Indicating the intent of iBotnet.A’s creators, the malware changes an entry in the iPhone’s host file for a Dutch bank website, leading users to a bogus site, presumably, noted Intego, to harvest user names and passwords.

Rich Cannings, security leader for Google’s Android mobile operating system, shares Eisen’s concerns.

He told delegates at the Usenix Security Symposium held in Montreal, Canada, in August last year: “The smartphone OS [operating system] will become a major security target for malware designers.”

An additional aspect of security highlighted by Eisen is a variation on the requirement placed on banks’ to ‘know your customer’ – knowing what device a customer is using.

A solution offered by 41st Parameter is client device identification (CDI), a security layer that enables banks to identify suspicious transactions.

Eisen explained the CDI solution unobtrusively captures and identifies a device’s characteristics during the login process, thus going beyond simple user names and passwords to detect suspect mobile phones, smartphones and desktop and laptop computers.

He explained that 41st Parameter’s ‘FraudNet for Account Takeover’ solution, which incorporates CDI, differentiates individual devices regardless of past registration, the credentials presented or connection, whether it be a mobile network operator or internet protocol address.
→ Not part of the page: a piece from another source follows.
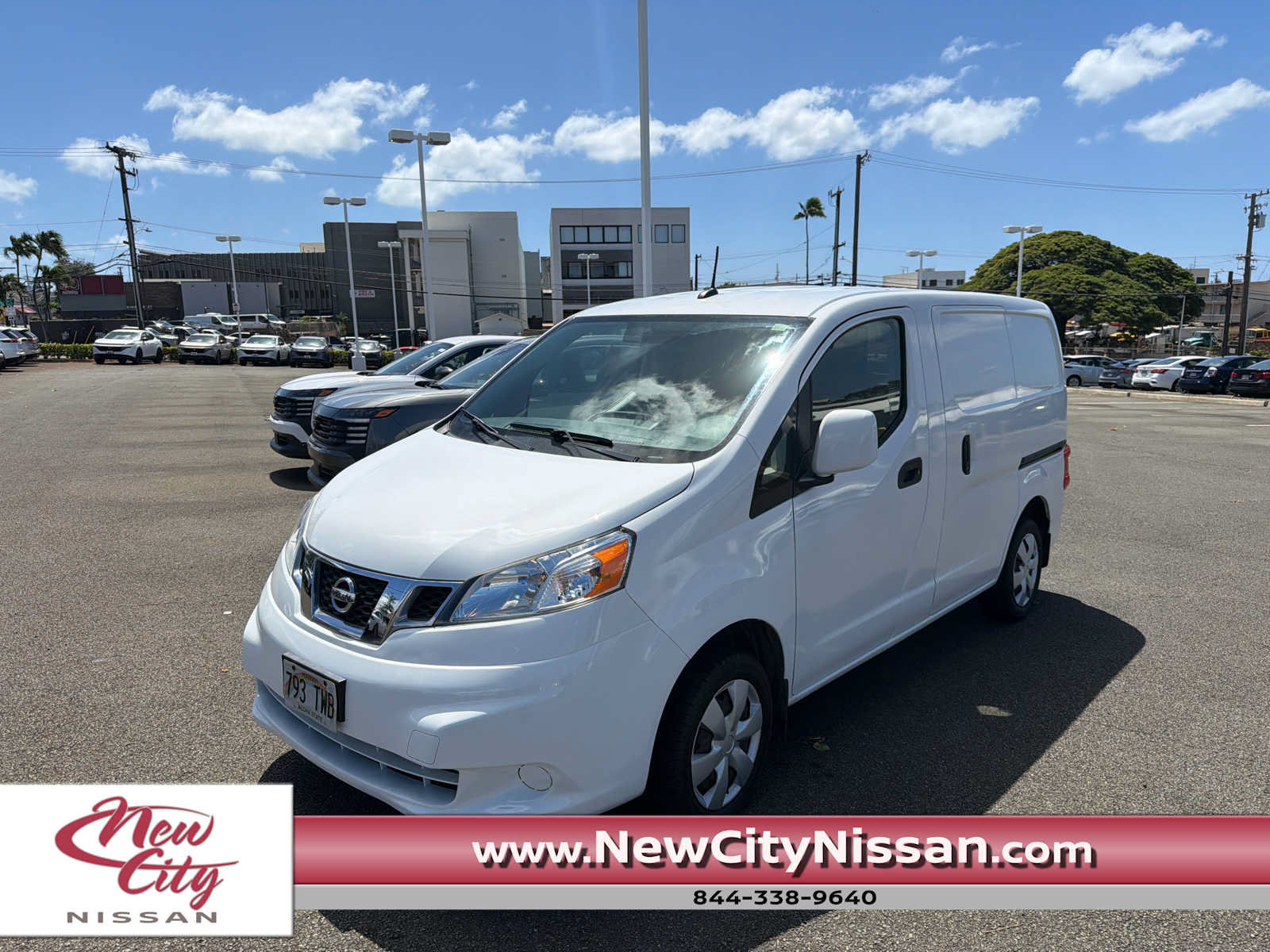 Used 2017 Nissan NV200 SV w/ Technology Package FWD image 1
Eisen added that these parameters and real-time reporting create a full picture of the user, irrespective of the device being used.

Real-time reporting

Real-time reporting also enables banks to identify devices that were initially refused admission to a website and that have changed their identity to try and gain access. Eisen noted that studies have shown fraudsters can reattempt entry in a matter of minutes.
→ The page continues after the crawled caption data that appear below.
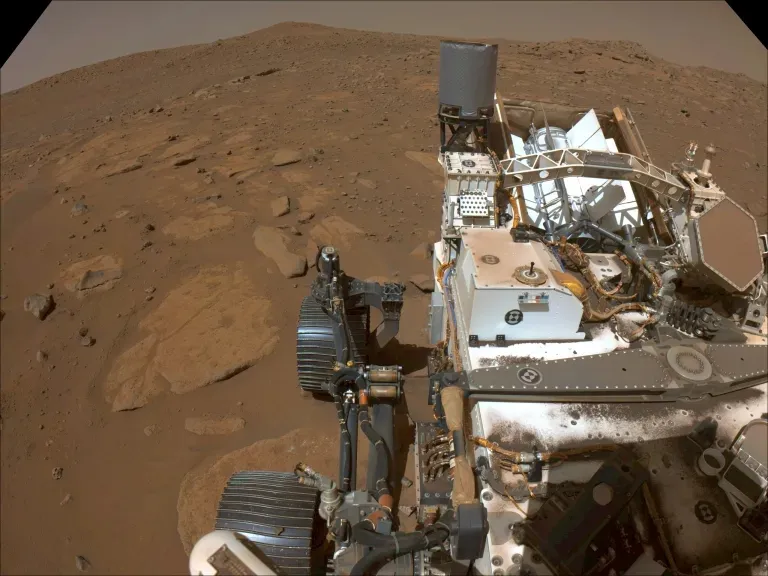 Марсохід NASA Perseverance сфотографував цей вид на місце, де він буде припаркований на кілька тижнів під час сонячного з'єднання
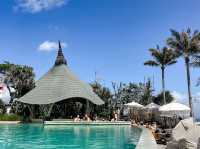Mari Beach Club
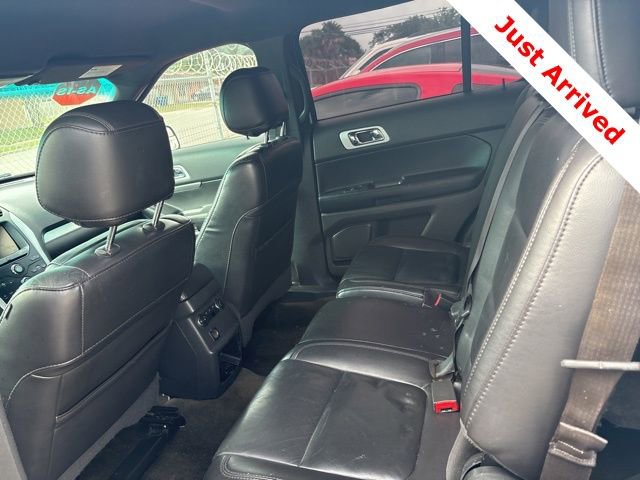 Used 2013 Ford Explorer XLT image 11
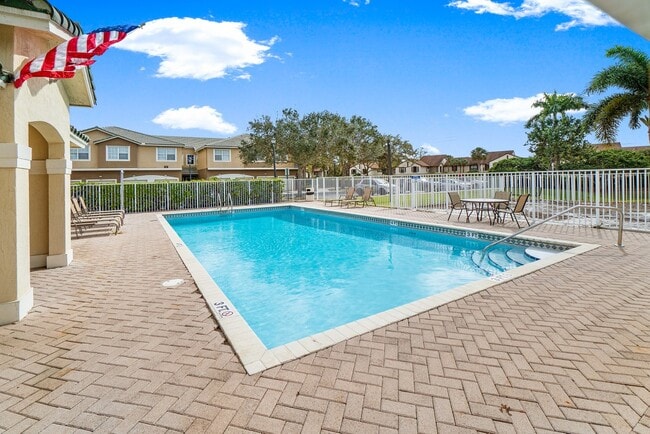 Building Photo - 3116 Grandiflora Dr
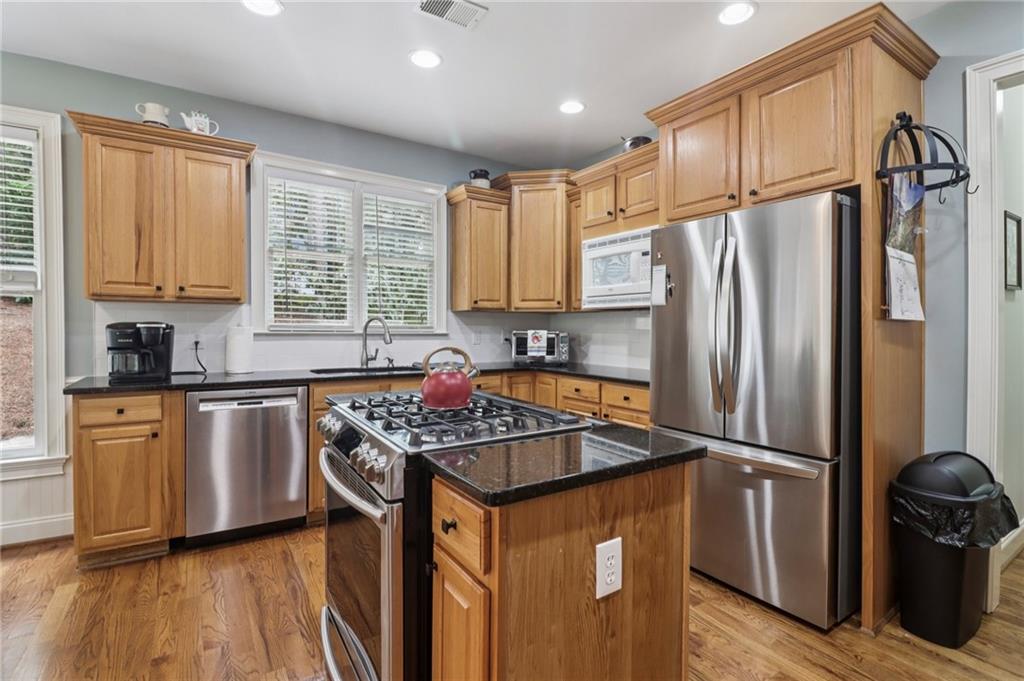 Ball Ground, Georgia, 30107, United States, 3 Bedrooms Bedrooms, ,2 BathroomsBathrooms,Residential,For Sale,1909506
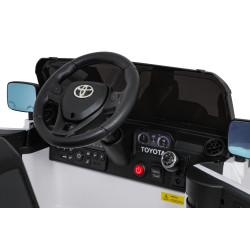 Pojazd Toyota Land Cruiser PRADO Biały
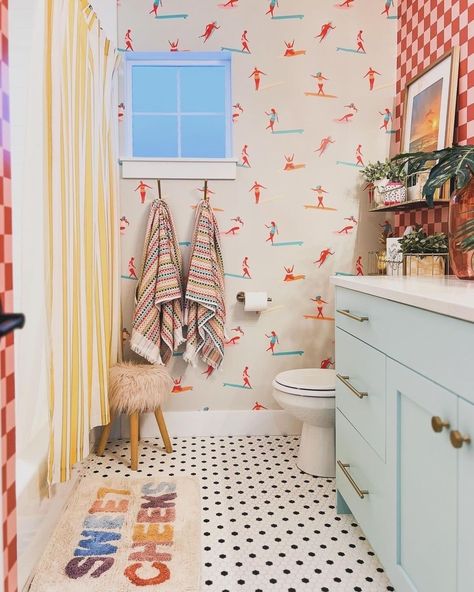 All Posts • Instagram Kids Bathroom With Tub, Kids Bathroom Design Ideas, Kids Bathroom Tiles, Small Kids Bathroom Remodel, Pillowfort Bathroom, Shared Bathroom Ideas Kids, Baby Bathroom Ideas, Wallpaper Kids Bathroom, Sophisticated Kids Bathroom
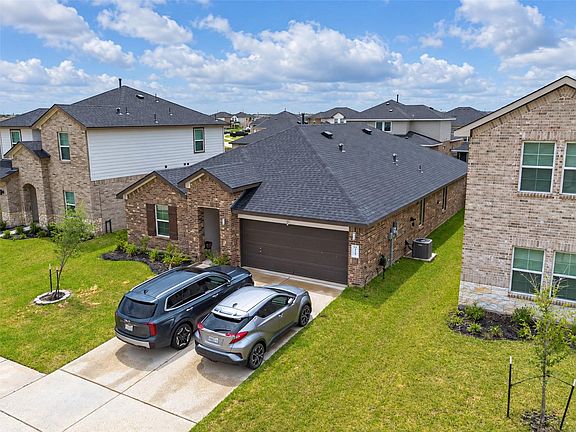 3rd image of 7902 Wrangler Shack Ln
Eisen emphasised the challenges of mobile banking security are another manifestation of an overall trend by banks to “push customers further away.” In the 1970s all banking was done in person, and knowing your customer was straightforward. With the introduction of the ATM, customers were first “pushed into the street” and with the advent of internet banking have been “pushed into the data centre basement”, he added.

“The further banks push customers away the less visibility they have,” Eisen stressed.
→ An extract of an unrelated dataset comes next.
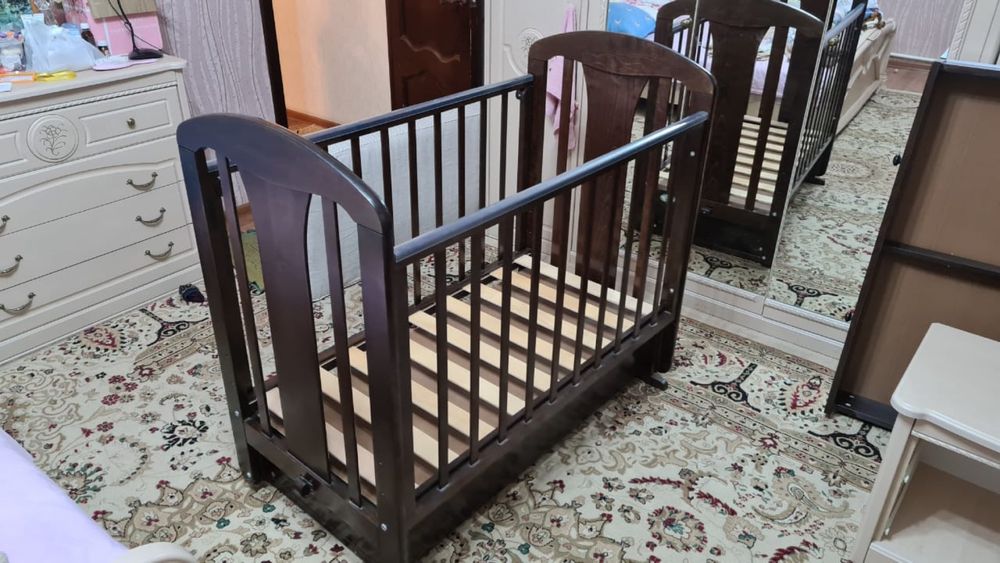 Продается манеж (дуб)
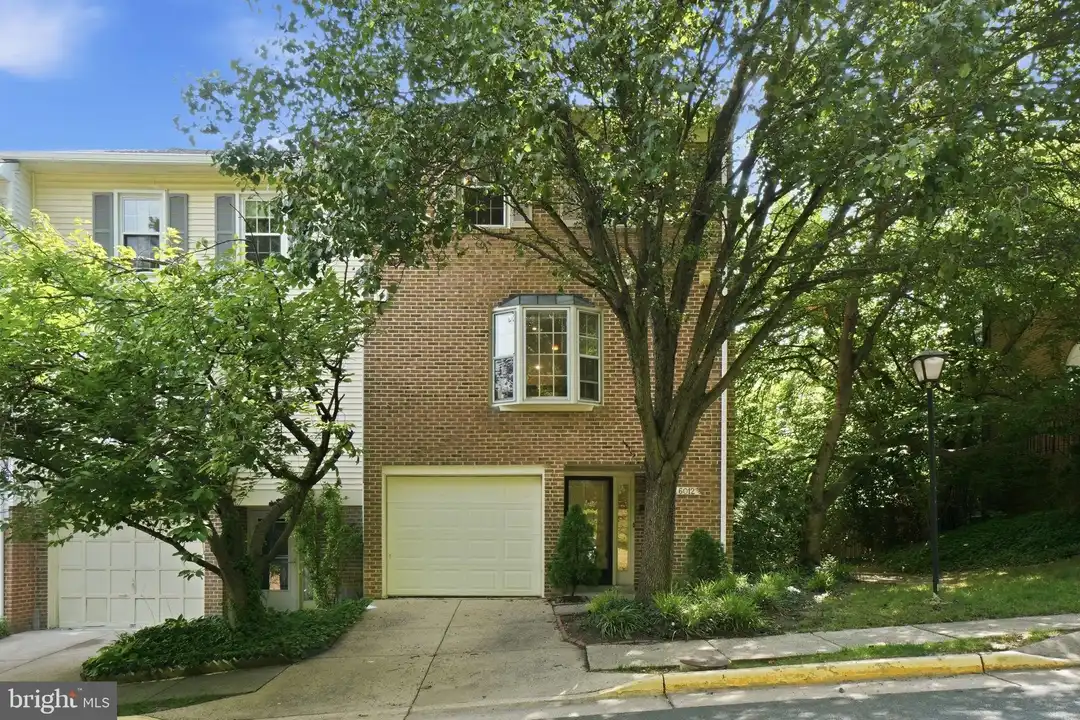 6012 Crown Royal Cir – photo 1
And Eisen sees increasing risk in the use of the internet for new customer acquisition.

“It is very low at present but growing fast,” he noted. “It is now possible a bank will never meet a customer, only adding to security threats.”

His concerns were highlighted in a report published by US research firm Gartner, Best Practices in New Account Fraud Detection. The report revealed new account fraud in a mainly online environment is at least five times higher than it is when accounts are opened in person.